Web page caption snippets
★ ★ ★ ★

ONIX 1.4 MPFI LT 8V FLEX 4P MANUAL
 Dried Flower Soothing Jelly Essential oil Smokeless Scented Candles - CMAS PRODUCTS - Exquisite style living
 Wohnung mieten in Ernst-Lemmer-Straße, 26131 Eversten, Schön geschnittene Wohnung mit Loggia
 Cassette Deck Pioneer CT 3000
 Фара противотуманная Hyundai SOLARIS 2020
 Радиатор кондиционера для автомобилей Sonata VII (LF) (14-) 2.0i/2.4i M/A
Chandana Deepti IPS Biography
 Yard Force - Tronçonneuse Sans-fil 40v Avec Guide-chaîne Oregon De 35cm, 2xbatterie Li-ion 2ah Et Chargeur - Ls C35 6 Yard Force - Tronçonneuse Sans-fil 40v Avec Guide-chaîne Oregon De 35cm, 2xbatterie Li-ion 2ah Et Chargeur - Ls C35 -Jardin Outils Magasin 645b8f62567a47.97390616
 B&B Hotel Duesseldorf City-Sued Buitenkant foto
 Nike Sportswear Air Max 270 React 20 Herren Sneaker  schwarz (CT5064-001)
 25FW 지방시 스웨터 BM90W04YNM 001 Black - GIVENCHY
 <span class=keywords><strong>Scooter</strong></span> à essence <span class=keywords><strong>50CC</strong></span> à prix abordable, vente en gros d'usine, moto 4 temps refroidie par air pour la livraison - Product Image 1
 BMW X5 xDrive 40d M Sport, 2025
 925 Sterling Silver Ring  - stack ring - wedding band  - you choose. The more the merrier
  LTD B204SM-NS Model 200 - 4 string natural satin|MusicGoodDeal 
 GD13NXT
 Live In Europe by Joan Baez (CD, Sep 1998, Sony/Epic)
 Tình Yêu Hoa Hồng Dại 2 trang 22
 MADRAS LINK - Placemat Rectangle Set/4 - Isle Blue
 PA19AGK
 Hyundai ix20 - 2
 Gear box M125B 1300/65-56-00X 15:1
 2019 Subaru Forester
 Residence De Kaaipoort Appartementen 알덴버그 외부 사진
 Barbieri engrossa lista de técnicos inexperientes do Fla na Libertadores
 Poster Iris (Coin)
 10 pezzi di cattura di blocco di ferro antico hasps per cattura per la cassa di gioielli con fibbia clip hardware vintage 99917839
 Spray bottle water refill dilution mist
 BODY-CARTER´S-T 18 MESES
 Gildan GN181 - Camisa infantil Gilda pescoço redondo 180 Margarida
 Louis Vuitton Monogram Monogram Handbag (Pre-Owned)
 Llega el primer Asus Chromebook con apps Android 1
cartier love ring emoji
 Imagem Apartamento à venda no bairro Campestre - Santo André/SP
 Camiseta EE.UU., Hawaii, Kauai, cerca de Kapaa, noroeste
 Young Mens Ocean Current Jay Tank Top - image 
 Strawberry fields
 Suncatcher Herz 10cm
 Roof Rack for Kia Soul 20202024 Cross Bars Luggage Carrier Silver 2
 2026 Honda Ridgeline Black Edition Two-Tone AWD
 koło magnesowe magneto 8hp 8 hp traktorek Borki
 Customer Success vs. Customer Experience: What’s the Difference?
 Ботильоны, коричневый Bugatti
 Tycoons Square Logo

★ ★ ★ ★

◆ **BRIEF**
Return nothing but the lines from the top of the records above through the line that has "Фара противотуманная Hyundai SOLARIS 2020". Keep each one exact.

◆ **ANSWER SPACE**
ONIX 1.4 MPFI LT 8V FLEX 4P MANUAL
 Dried Flower Soothing Jelly Essential oil Smokeless Scented Candles - CMAS PRODUCTS - Exquisite style living
 Wohnung mieten in Ernst-Lemmer-Straße, 26131 Eversten, Schön geschnittene Wohnung mit Loggia
 Cassette Deck Pioneer CT 3000
 Фара противотуманная Hyundai SOLARIS 2020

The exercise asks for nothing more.